Sementara Eki dan Edo menampilkan roman menolak. Putusan itu seperti petus tongga menyambar kepala mereka. Karena sudah lama mereka tinggal di kota, tiba-tiba akan hidup sampai tua di daerah terpencil, tentu ini perlu adaptasi yang lama untuk dapat menyesuaikan diri dengan daerah itu.
Datuk Tuah berkata lagi, ‘’Aditya!, Talib!, apakah kalian menerima?.’’
‘’kami terima!,’’ jawab mereka serentak, tergesa-gesa, takut keputusan itu dibatalkan. Lalu mereka saling pandang dengan senyum sumringah.
Kemudian Datuk Tuah bertanya kepada Eki dan Edo, ‘’bagaimana dengan kalian?,’’
Yang ditanya hanya diam, mereka menekur memandangi lantai rumah gadang itu.
‘’jawablah, kami hendak lekas pergi. Lohor sudah akan masuk!’’ kata Datuk Tuah pula.

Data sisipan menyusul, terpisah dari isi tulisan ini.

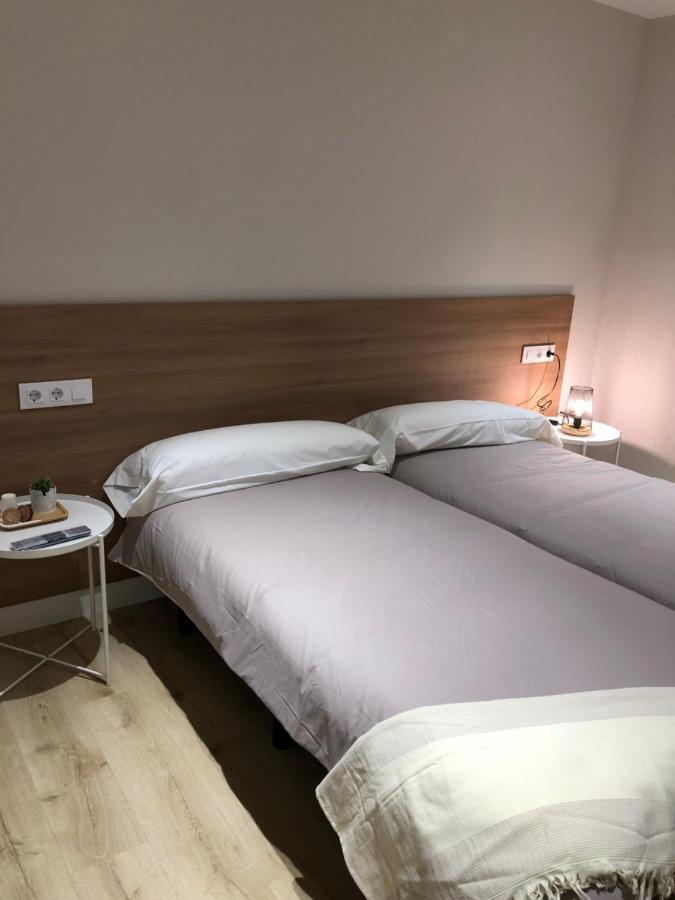 Pension La Castellana Logroño Kültér fotó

Rumah Gadang hening. Eki dan Edo secara perlahan melihat ke sekeliling, tampak semua tatapan dunsanak yang ada dalam rumah gadang menginginkan mereka menyetujui maksud Datuk mereka.
‘’jawablah!,’’ kata Datuk Tuah lagi, ‘’supaya mudah kami membuhulkan musyawarah ini.’’

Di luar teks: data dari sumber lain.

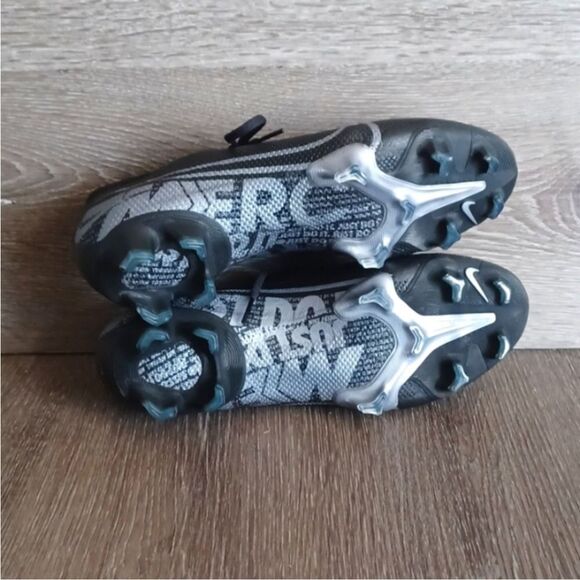 NEW Nike Mercurial Vapor 13 Pro FG Black Soccer Cleats AT7901-001 Men's Size 6.5 - Picture 8 of 12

Mereka masih diam. Melihat desakan sang Datuk dan dukungan para dunsanak sepesukuan, insaflah mereka berdua akan kelemahan diri mereka dan kekuatan keadaan sekelilingnya. Kehidupan mereka juga ditentukan oleh keputusan klan persukuan.
‘’Eki!, Edo!... jawablah,’’ kata Datuk Tuah tidak sabar.

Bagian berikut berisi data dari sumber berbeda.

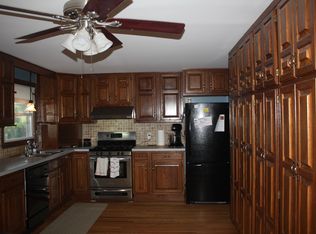 42 Calver Ct, Henrietta, NY 14467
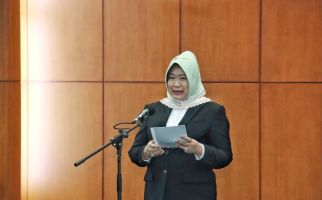 Plt Sekjen MPR Siti Fauziah Lantik 4 Kepala Biro dan 14 PPPK, Simak Pesannya - JPNN.com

Akhirnya Eki Buka suara, ‘’kalau saya bagaimana … yang baik kata ninik-mamak saja … saya akan menurut!.’’
Datuk Batuah tersenyum puas. Lalu katanya kepada Edo, “Eki sudah sepakat. Bagaimana dengan waang!?.’’
Edo masih menunduk memandangi lantai rumah gadang itu. Dengan terpaksa akhirnya dia juga menerima. ‘’saya juga apa yang baik menurut dunsanak saja, saya turuti,’’ tuturnya masih menekur ke lantai.
‘’Alhamdulillah,’’ ujar yang hadir. Musyawarah itu ditutup dengan makan bersama dan pembacaan do’a oleh Nyiak Ajuik.
Dua hari setelah musyawarah, diutuslah dua orang Mamak Klan Jambak pergi menuju dua daerah pembuangan. Sepulangnya dari situ, diadakan lagi musyawarah yang hanya diikuti para Mamak-Mamak saja.
Musyawarah itu memutuskan Eki di buang ke Tandikat paling ujung, Talib agak kebawahnya, sementara Edo lebih ke hilirnya. Sedangkan Aditya dihanyutkan ke Masang di Ombak Nan Badabua.